Bekasi, Portonews.com – Tindakan tegas diambil oleh Kementerian Lingkungan Hidup (KLH) terkait dugaan pelanggaran lingkungan yang terjadi di kawasan reklamasi perairan Pal Jaya, Kabupaten Bekasi, Jawa Barat. Menteri Lingkungan Hidup dan Kepala Badan Pengendalian Lingkungan Hidup (LH/BPLH), Hanif Faisol Nurofiq, mengumumkan langkah penyegelan terhadap area reklamasi yang dikelola oleh PT Tunas Ruang Pelabuhan Nusantara (TRPN). Penyegelan ini dilakukan karena adanya dugaan pelanggaran terhadap Undang-Undang No. 32 Tahun 2009 tentang Perlindungan dan Pengelolaan Lingkungan Hidup (PPLH).
Hanif mengungkapkan, “Jadi singkat kata, dari penelusuran yang kita dapat kemarin dari sisi regulasi, tidak mungkin saya diam. KKP juga setelah menyegel ini dari sisi teknis, biarkan mereka bekerja,” pada Kamis (30/1) di Kabupaten Bekasi. Proses penyegelan ini melibatkan pemasangan spanduk ukuran 1×1,5 meter yang dipasang dengan tiang besi di area reklamasi serta di gerbang reklamasi. Selain itu, garis penyegelan juga dipasang di sekitar area tersebut, termasuk pada alat berat milik perusahaan.

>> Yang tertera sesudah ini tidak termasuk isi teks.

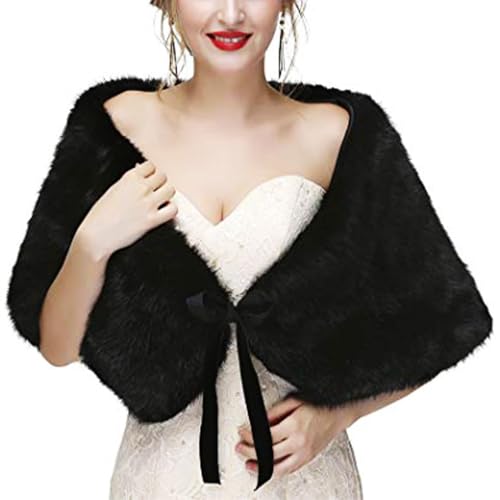 Bridal Faux Fur Shawl Wrap Wedding Stole Shrug Winter Evening Shoulder Shawls Cover Up for Bride and Bridesmaids Women (Black)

Menurut Hanif, langkah penyegelan ini diambil karena adanya potensi kerusakan lingkungan dan ancaman terhadap kualitas lingkungan hidup. Oleh karena itu, praktik reklamasi ini perlu ditanggapi secara serius dan tidak hanya reaktif, melainkan melalui kajian mendalam, termasuk penggunaan data satelit dan dokumen administratif. “Jadi ini tentu harus kita tertibkan. Kalau kegiatan-kegiatan ini ke depannya, kami akan melakukan review terkait dengan seluruh kegiatan reklamasi, ini penting,” jelasnya.

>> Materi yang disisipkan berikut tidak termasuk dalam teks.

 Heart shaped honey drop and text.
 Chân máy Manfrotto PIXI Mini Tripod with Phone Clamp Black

Lebih lanjut, Hanif menekankan bahwa reklamasi harus memperhatikan aspek tata kelola air, mulai dari hilir hingga hulu, agar tidak menyebabkan masalah seperti banjir yang dapat merusak jalan-jalan, seperti yang terjadi di pulau-pulau hasil reklamasi di Jakarta. Dari sisi lingkungan, ia juga mengungkapkan bahwa reklamasi dapat merusak area konservasi hutan bakau karena tidak mendapatkan suplai lumpur, yang berfungsi untuk melindungi pulau-pulau tersebut dari abrasi. Kerusakan pada ekosistem bawah laut dan biota laut juga menjadi masalah serius.
Hanif menambahkan, “Belum lagi evaluasi kegiatan ekonomi dari sisi masyarakat, asal tanah untuk mengurug, tidak dengan kemudian memindahkan suatu pulau ke pulau ini, yang sana pasti rusak. Reklamasi hanya mungkin secara logis kita benarkan bilamana memang menggunakan tanah-tanah yang memang untuk mendukung alur pelayaran transportasi dan lain-lain.”

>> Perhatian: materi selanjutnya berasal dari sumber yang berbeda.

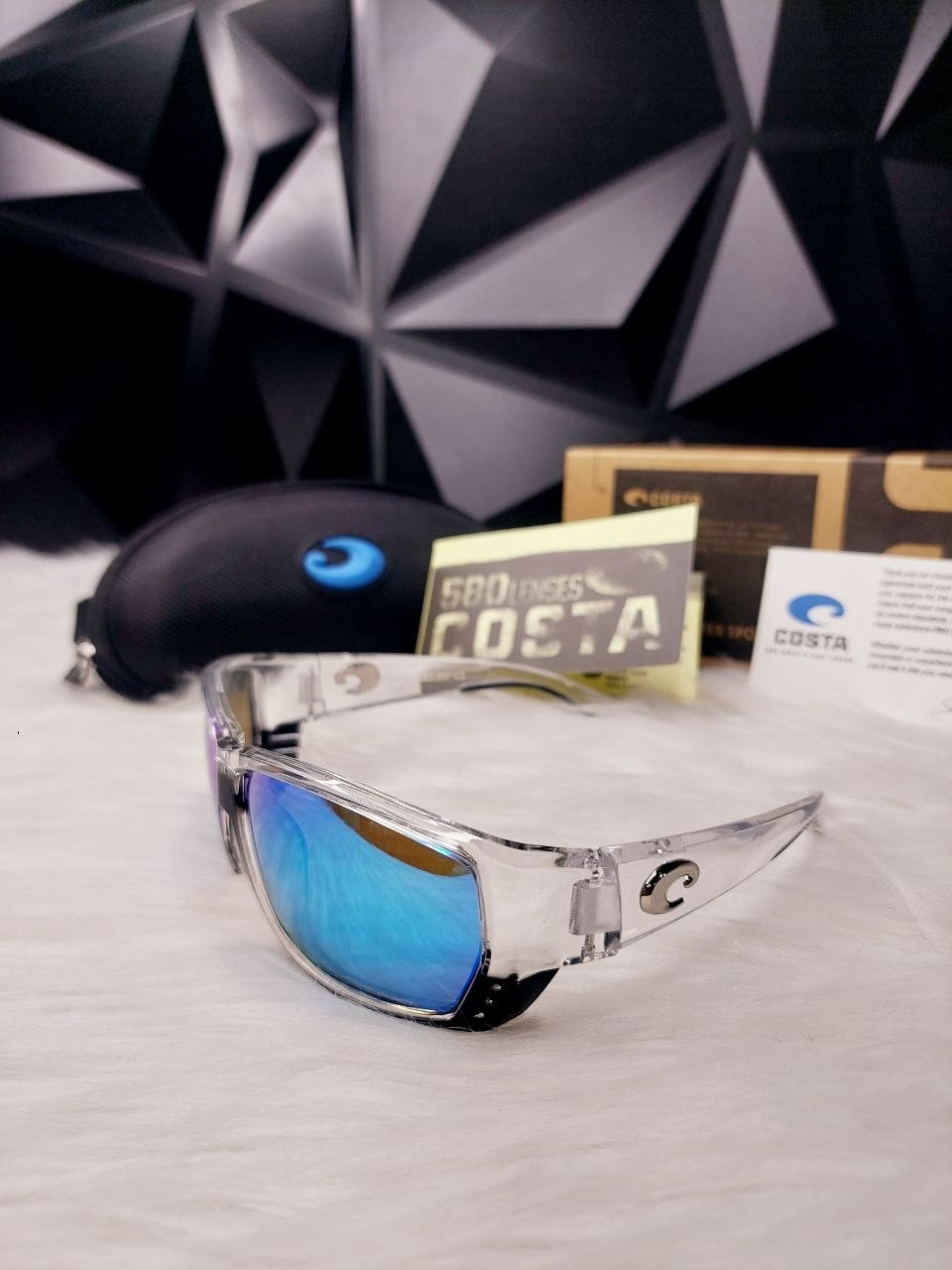 Costa Del Mar Polarized Sunglasses Clear Frame Blue Mirror 580P UV400 Fishing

Ia juga mencatat bahwa para leluhur kita memiliki kebijaksanaan dalam mengelola lingkungan, dengan menggunakan tiang-tiang yang tidak mengganggu alur air. Namun, praktik reklamasi saat ini justru menimbulkan masalah besar karena penimbunan yang luas di daratan. “Jadi bisa dibayangkan begitu ini benar-benar terjadi, dari pantai langsung kita tutupi daratan, pasti akan terjadi kerusakan yang luar biasa, dampak lingkungan yang luar biasa,” tambahnya.
Setelah proses penyegelan ini, Kementerian Lingkungan Hidup akan melakukan penilaian terhadap dampak buruk dari kegiatan reklamasi tersebut, serta menyelidiki potensi adanya tindak pidana atau perdata yang terkait. “Ini kita akan segera memanggil penanggung jawab proyek ini. Tapi paling tidak hari ini kita hentikan sama sekali dengan kewenangan undang-undang kepada kami. Kami hentikan kegiatan di sini kemudian kami akan panggil semua yang terlibat di sini,” tegas Hanif.